Richard Gavin is an acclaimed author whose work explores the realm where dread and the sublime conjoin. His supernatural tales have been published in five collections, including Sylvan Dread and At Fear’s Altar. In 2015 he co-edited (with Patricia Cram and Daniel A. Schulke) Penumbrae: An Occult Fiction Anthology. Richard’s works of esotericism have appeared in Starfire Journal, Clavis: Journal of Occult Arts, Letters and Experience, and The Luminous Stone.
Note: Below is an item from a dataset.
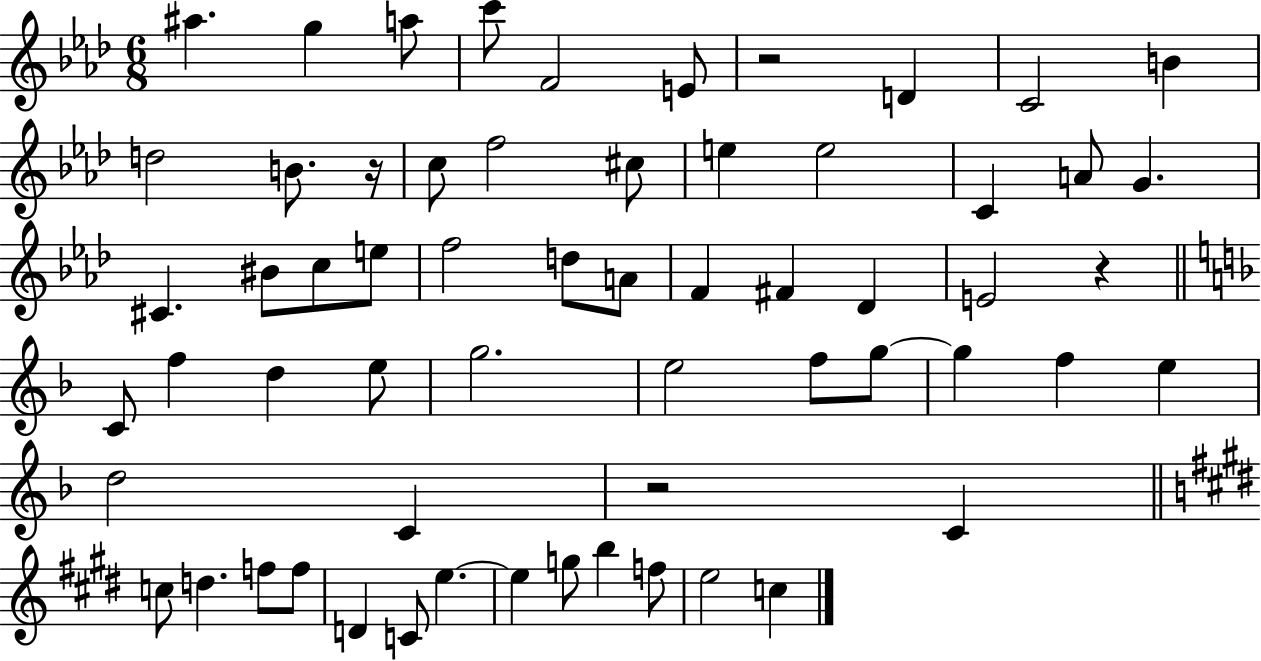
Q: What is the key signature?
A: AES major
His nocturnal manifesto The Benighted Path: Primeval Gnosis and the Monstrous Soul was released by Theion Publishing in 2016.
The tales of grotesquerie are like a series of frescoes that carefully reveal only the most luxuriant and sensual aspects of an event that is never named, much less fully fleshed out. Vignettes more than stories, small minimalistic glances into the the frayed mind’s of men and women who for the most part have discovered themselves lost among the fragments of their own broken lives. One wants to ask whether the monstrous is something hiding among the liminal regions of outward manifestation, or is the effect of this loquacious inner world of most of these denizens self-made madness and sacred transgression; part of some ongoing revelation of the monstrum – a portent of something forever about to be that unbinds itself only in the very movement of consciousness itself.
I thought about delving into the tales themselves, but to do that would be to reveal too much, to sink into the gloom and monstrosity of each delicate weaving, unbind its carefully woven patterns and lead the wary reader into a region of being that is best left unsaid. In other words I’d spoil the very need for pleasure and jouissance – that pleasure-pain we all get from reading a well-crafted tale of horror, especially of the grotesque kind. All I can say is these are tales that will draw you into a labyrinth of liminal design where if you are not careful you will remain like a victim of some monstrous nightmare in which just as you awaken you feel the very touch of the beast upon your shoulder, and a whisper saying: “Come, my dear, we’ve been waiting for you so long! We have so much to show you, want you come now!”